==== EXCERPTED DATA

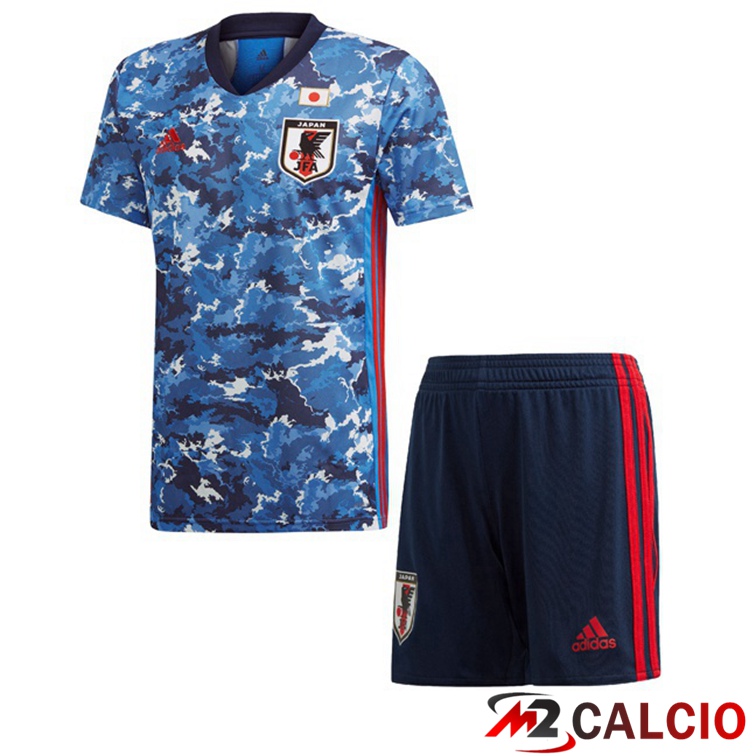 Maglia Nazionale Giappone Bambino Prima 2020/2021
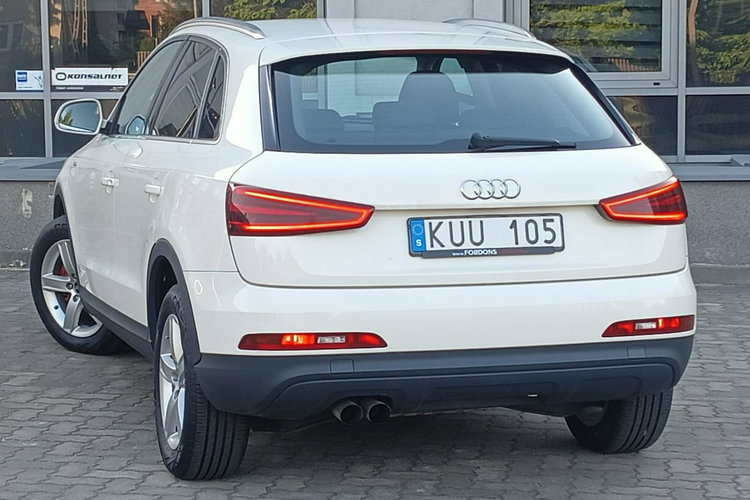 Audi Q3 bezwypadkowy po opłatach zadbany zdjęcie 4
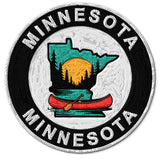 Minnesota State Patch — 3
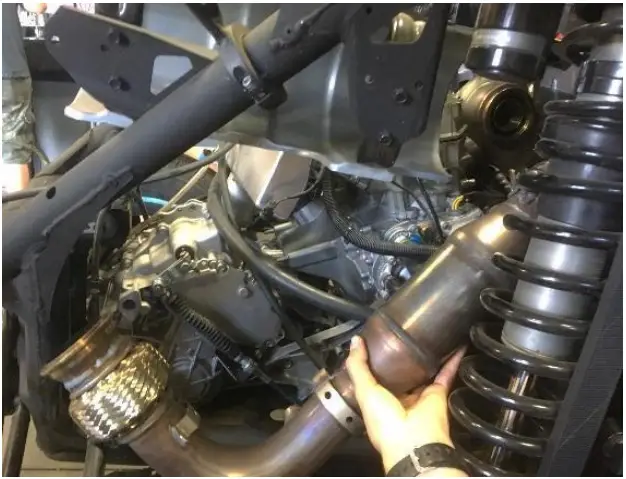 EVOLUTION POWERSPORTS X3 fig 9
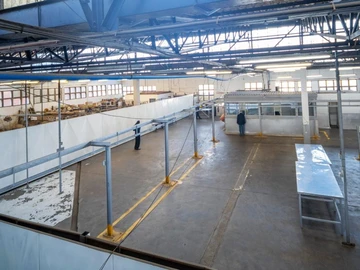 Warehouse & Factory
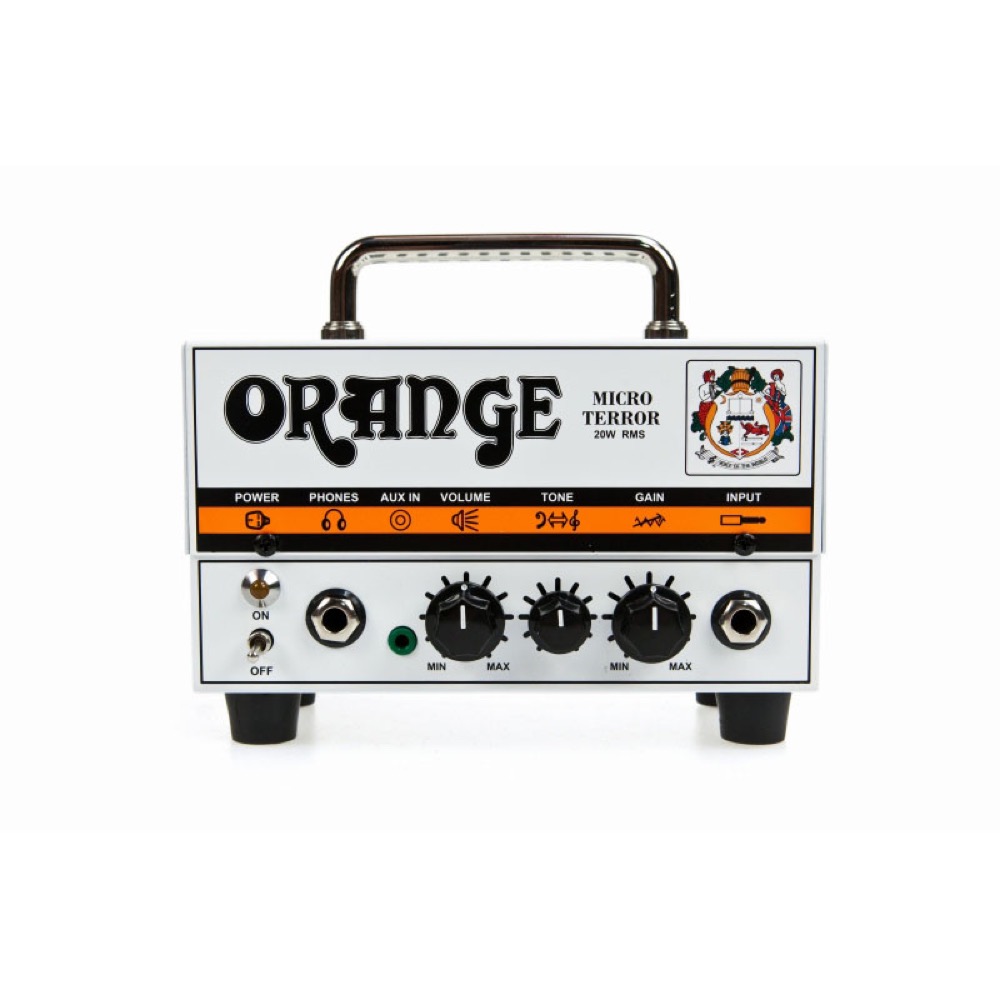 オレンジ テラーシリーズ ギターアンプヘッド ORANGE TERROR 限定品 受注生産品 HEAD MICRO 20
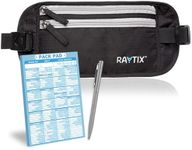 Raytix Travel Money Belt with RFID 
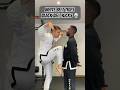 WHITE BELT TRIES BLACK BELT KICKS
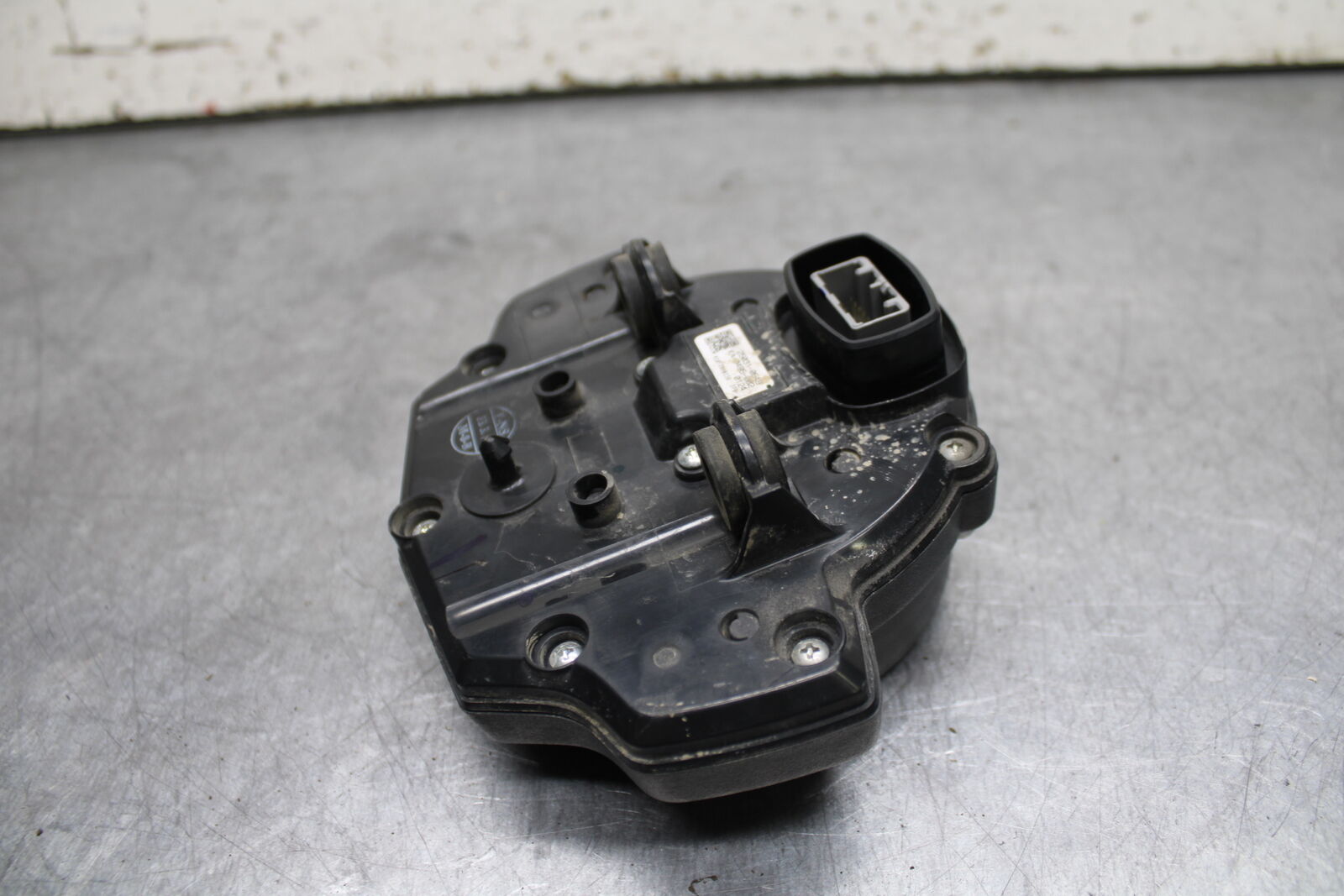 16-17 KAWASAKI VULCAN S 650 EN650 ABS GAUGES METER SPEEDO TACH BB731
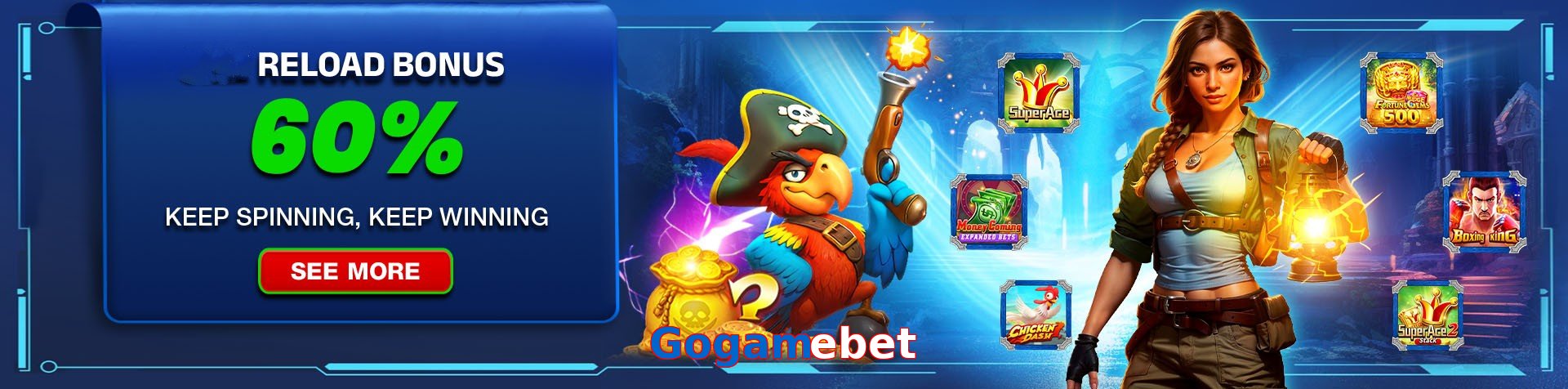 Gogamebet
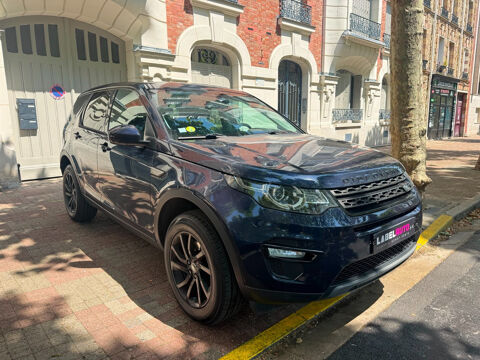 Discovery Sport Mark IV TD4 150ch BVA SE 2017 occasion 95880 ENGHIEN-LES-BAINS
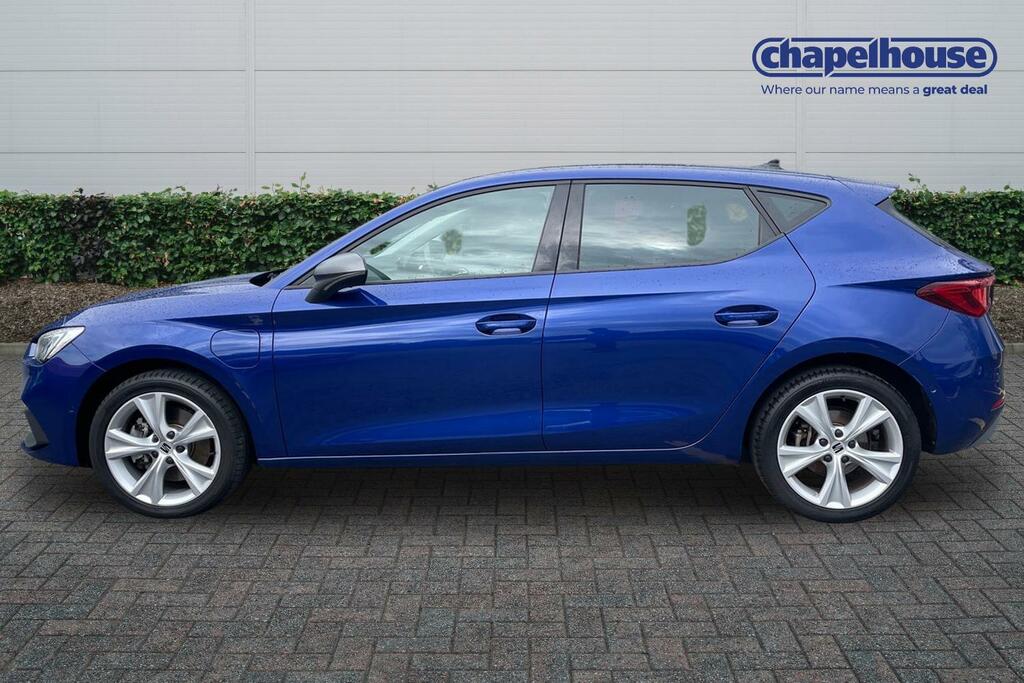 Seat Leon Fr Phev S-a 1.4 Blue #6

========

WHAT YOU HAVE TO DO. Set down exactly the lines between the line containing "オレンジ テラーシリーズ ギターアンプヘッド" and the end of the records above, both ends included; pictures stay out.

EXERCISE RESULT.
 オレンジ テラーシリーズ ギターアンプヘッド ORANGE TERROR 限定品 受注生産品 HEAD MICRO 20
 Raytix Travel Money Belt with RFID 
 WHITE BELT TRIES BLACK BELT KICKS
 16-17 KAWASAKI VULCAN S 650 EN650 ABS GAUGES METER SPEEDO TACH BB731
 Gogamebet
 Discovery Sport Mark IV TD4 150ch BVA SE 2017 occasion 95880 ENGHIEN-LES-BAINS
 Seat Leon Fr Phev S-a 1.4 Blue #6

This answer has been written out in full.